Third, let us focus on your desire to get government off of the backs of the people. You have pledged to cut corporate taxes drastically and throw out two regulations for every one regulation that you introduce. Aside from being a rather odd thing to say, let us focus on what ‘deregulation’ entails in your view. You have suggested that you will scrap the Affordable Care Act, commonly known as Obamacare, and privatize the health industry because you think more competition will reduce overall costs and prices. You think Obamacare unevenly helps poor citizens and increases the overall cost of health care. You want to replace it with ‘Trumpcare’, but this is estimated to cost $550 billion, while 20 million people would lose health-care coverage, including a large percentage of those who voted for you. How will you pay for this if you further shrink the tax base, particularly among that group of people most able to pay more tax in order to build a better society? An active state is essential for equitable development, and pulling out of essential services like health care will simply shift the burden onto those least able to help themselves and most in need. Is this the sort of America that you feel is ‘great’, Mr. Trump? You have also suggested deregulating the banking industry. Have you forgotten the housing crisis and the great financial crash of 2008? Canada, despite its proximity and reliance on the U.S., managed to keep its head above water because of tight regulations. We know that you have made much of your wealth by building casinos, Mr. Trump. But in our view, a primary problem with the world today is that current economic approaches toward the free flow of finance capital treat the world as a casino. We need to reign in the bankers, and to bring the financial world back into line with the world of actual economic production. There are tools out there, such as the long-proposed Tobin tax on capital flows.
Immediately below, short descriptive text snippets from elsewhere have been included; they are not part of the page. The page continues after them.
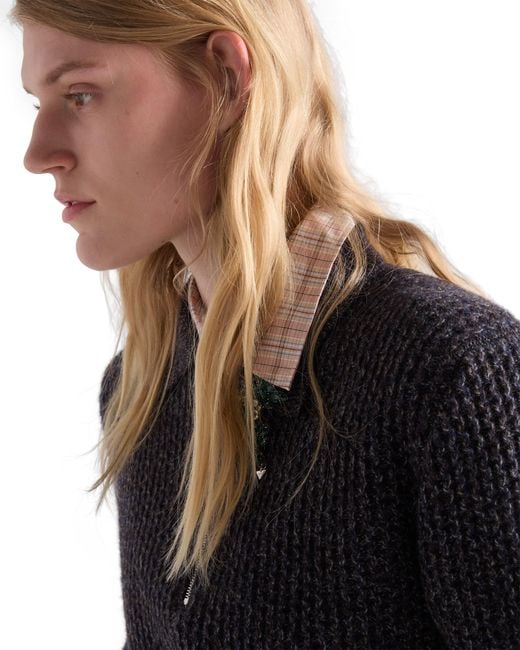Prada Blue Short-Sleeved Wool And Mouliné Cashmere Polo Sweater, Dark/Slate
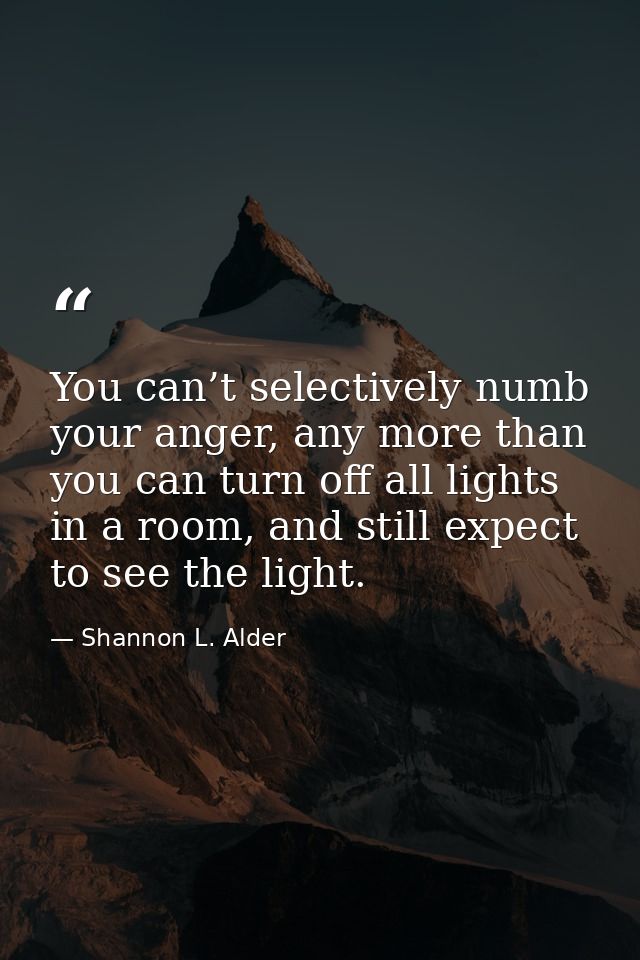 You can’t selectively numb your anger, any more than you can turn off all lights in a room, and still expect to see the  — Shannon L. Alder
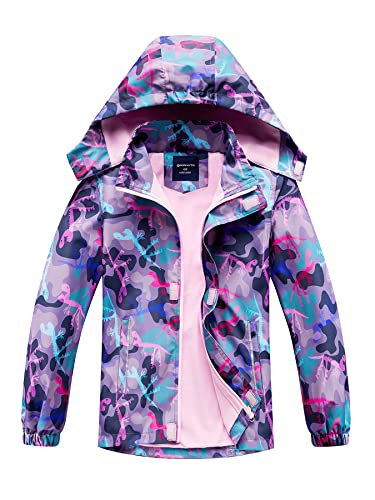 SERENYOU Mädchen Übergangsjacke Gefütterte Regenjacke Kinder Winddicht Warme Matschjacke mit Abtrennbare Kapuze DE:128-134 (manufacturers's size: 130) Stil 3 von SERENYOU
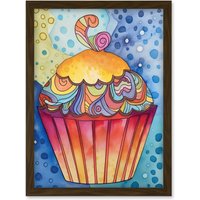 Artery8 Cupcake With Colourful Frosting Folk Art Watercolour Painting Artwork Framed Wall Art Print A4 in Brown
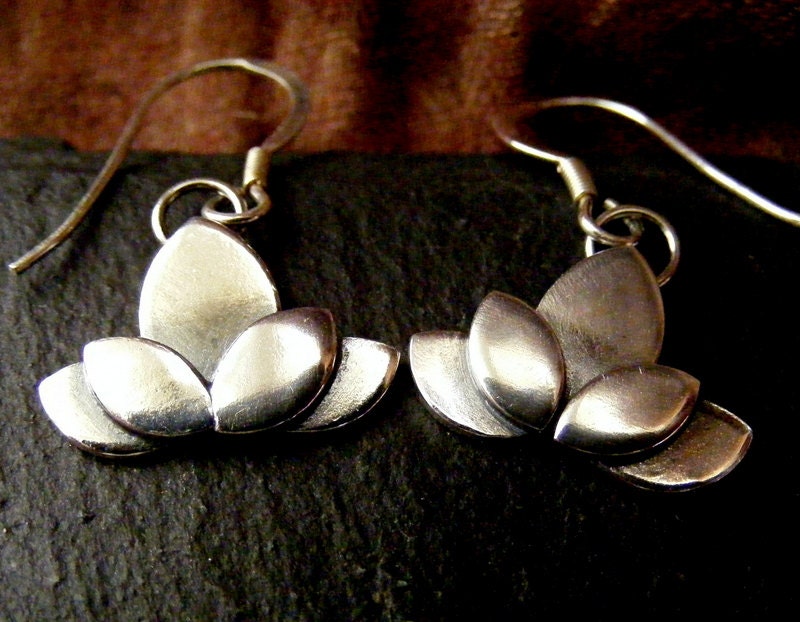 Silver Lotus Flower Dangle Earrings Water Lily Drop Earrings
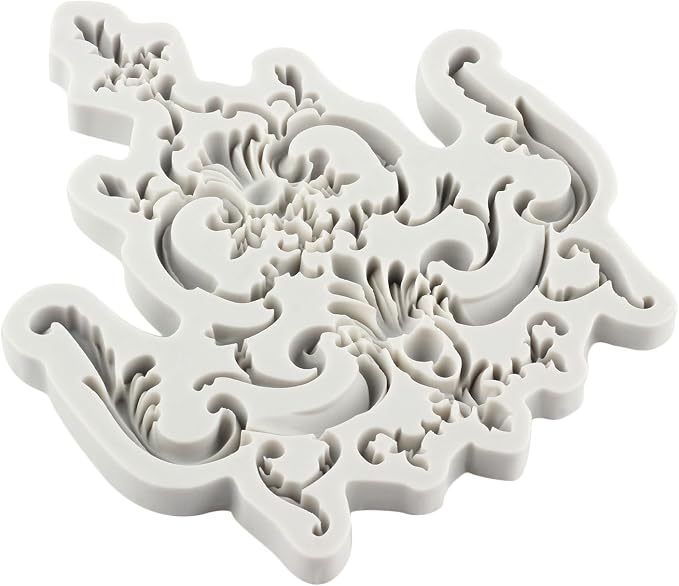 Baroque Fondant Mold Sculpted Scroll Curlicues Filigree Mold For Sugar Cake Decorating Cupcake Topper Gum Paste Polymer Clay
The answer to our current economic malaise, Mr. Trump, is not to turn your back on the world, but to embrace it with all its faults and to make it better through better laws, policies and practices. As you take up the position as ‘leader of the free world’, we hope that you will consider what we have said here and join us as part of the solution, not pull apart from us and become a large part of the problem. What we need is a thoughtful and considerate partner, not a new bully on the block.